### WORK INSTRUCTIONS
Although the entries contain pictures, only their words should be duplicated exactly.

--------------------------------------------------

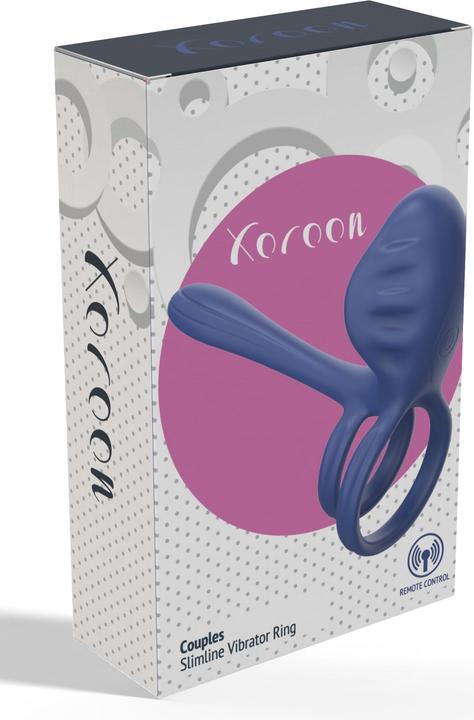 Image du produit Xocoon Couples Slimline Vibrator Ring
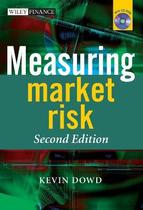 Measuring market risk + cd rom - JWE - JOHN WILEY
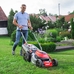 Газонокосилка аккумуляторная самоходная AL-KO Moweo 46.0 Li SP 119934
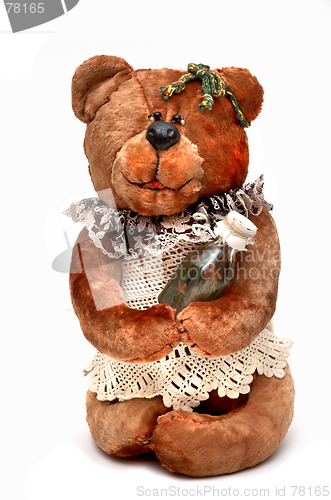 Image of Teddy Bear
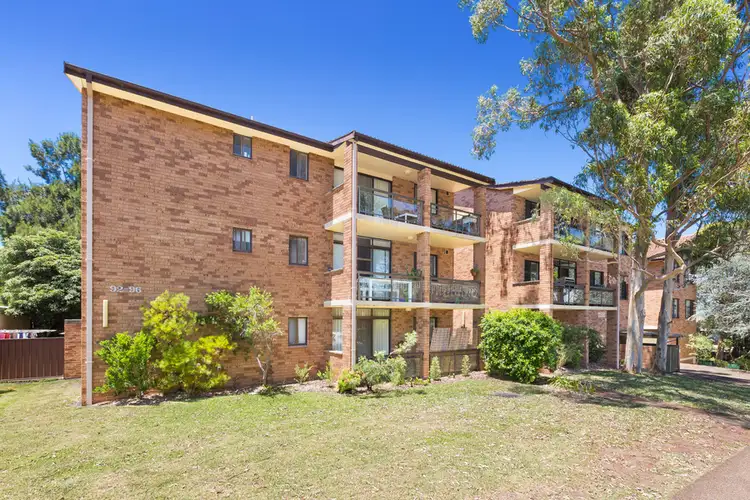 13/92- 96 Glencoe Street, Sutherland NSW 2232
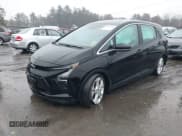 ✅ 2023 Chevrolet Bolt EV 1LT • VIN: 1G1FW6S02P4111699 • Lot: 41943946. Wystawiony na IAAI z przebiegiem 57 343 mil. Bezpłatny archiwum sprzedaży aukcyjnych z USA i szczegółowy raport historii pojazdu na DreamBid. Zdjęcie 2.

--------------------------------------------------

### RESPONSE TO THE EXERCISE
 Image du produit Xocoon Couples Slimline Vibrator Ring
 Measuring market risk + cd rom - JWE - JOHN WILEY
 Газонокосилка аккумуляторная самоходная AL-KO Moweo 46.0 Li SP 119934
 Image of Teddy Bear
 13/92- 96 Glencoe Street, Sutherland NSW 2232
 ✅ 2023 Chevrolet Bolt EV 1LT • VIN: 1G1FW6S02P4111699 • Lot: 41943946. Wystawiony na IAAI z przebiegiem 57 343 mil. Bezpłatny archiwum sprzedaży aukcyjnych z USA i szczegółowy raport historii pojazdu na DreamBid. Zdjęcie 2.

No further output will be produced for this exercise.